Man, I would've given my right arm to see the expression on that lady's face seeing all those body parts flying out of BB's truck. Ya git it - right arm! heheheheheh!!!!!!


----------



## BooGirl666 (Jul 29, 2006)

lol spending the love huh bb  Man I bet that was funny lol


----------



## Lilly (Jun 13, 2006)

that's one for americas funnest police videos


----------



## slimy (Jul 12, 2006)

This made my day.

Would have LOVED to have been there, can't wait for the audio. Keep us posted.


----------



## palerider44magg (Jul 11, 2006)

the whole story was true........except the part about us throwing parts on the roadway (we wanted them to bad to be throwing them on the road )
as for the womans face it was kinda like a cross between smelling something bad and a eletric shock and as i say the story was true because i was there 
yes im the drive of the famous body snatcher green truck
and yes with me and rob together its never a dull moment
........stay tuned for the next advantures of bodybaggs and his sidekick palerider.....


----------



## dave the dead (Jan 31, 2007)

That is too funny! I've had a few similar experiences, but nothing that far out there. That is one save and tell the grandkids.......


----------



## Koumajutsu (Aug 9, 2006)

You're damn lucky you didnt get a ticket for an uncovered load. thankfully nothign you had actually fell out


----------



## TwistedDementia (May 2, 2007)

That figures... The weekend I don't have the Police scanner on!


----------



## Ghostess (Aug 21, 2005)

That is too awesome!
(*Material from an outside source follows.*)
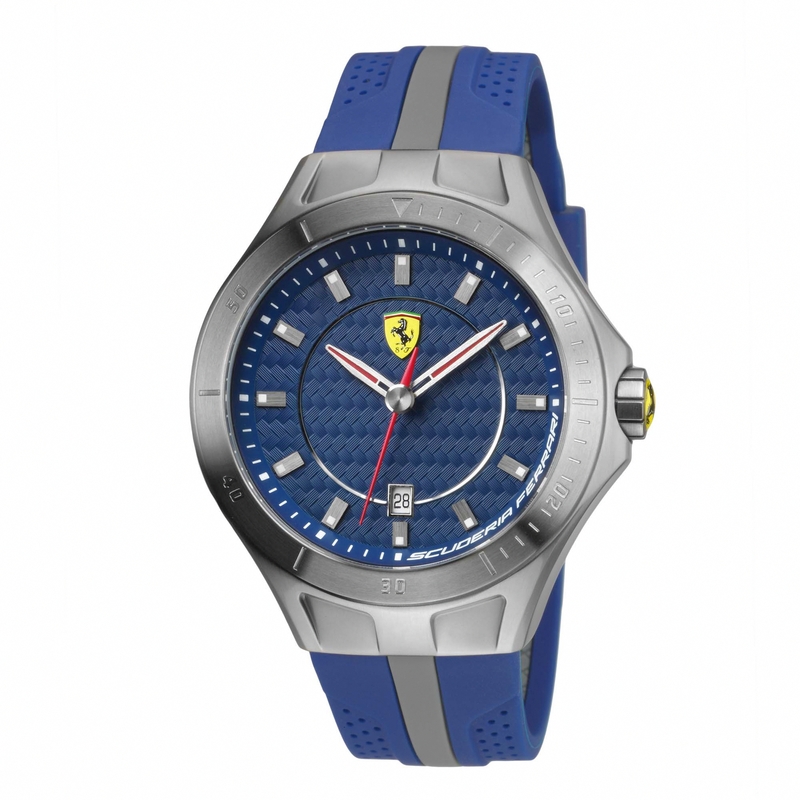 AAA 1:1 Replica Scuderia-Ferrari Mens Watches Blue Dial Quartz 44MM 830081 Watch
I'll keep my ears open for the audio!


----------



## Bodybagging (May 8, 2006)

All I have to say is.....Had I been driving, it would have been ALOT more interesting!!!!!! Zoom zoom zooooooommmmmmmmmmmmmmmmmmmmm
No Officer, Honest I wasnt trying to evade, I was speeding up to get out of your way!


----------



## Ghoulbug (Apr 24, 2007)

This is too hilarious!! Wiah i would have seen it.


----------



## palerider44magg (Jul 11, 2006)

SSSSSSSShhhhhhh ........WE REALLY HAD JIMMY HOFFA 
in one of the barrels


----------



## Fangs (Jun 6, 2006)

LMAO!!!!!!!! I can see it now, ............ ROFLMAO ohhh, to have been able to see the look on her face, not to mention the look on yours---Rider and Bags.............. :devil:


----------



## oct31man (Sep 19, 2006)

That is funny! The cops had to have gotten a good laugh out of it too! They will tell that story for a long time.


----------



## pyro (Oct 7, 2006)

thats sweet cant get any better for advertisment


----------



## Bodybagging (May 8, 2006)

Coming soon to a computer near you....The 911 call BodyBag Entertainment COMMERCIAL!


----------



## HibLaGrande (Sep 25, 2005)

Oh man that is funny. 
I wonder if the caller was ever contacted and told what she saw was not real, or is she cowering in the corner of a dark padded cell somewhere, convinced that she had seen a truckload of body parts.... You need a fake funeral home logo on the side of your truck, something official sounding like "Shady Acres Memorial Garden" then just drive around with that pile of bones in the back. Drive up to a landfill and explain to the people how some of the burial property has been bought up by a developer and you are just relocating some of the older bodies.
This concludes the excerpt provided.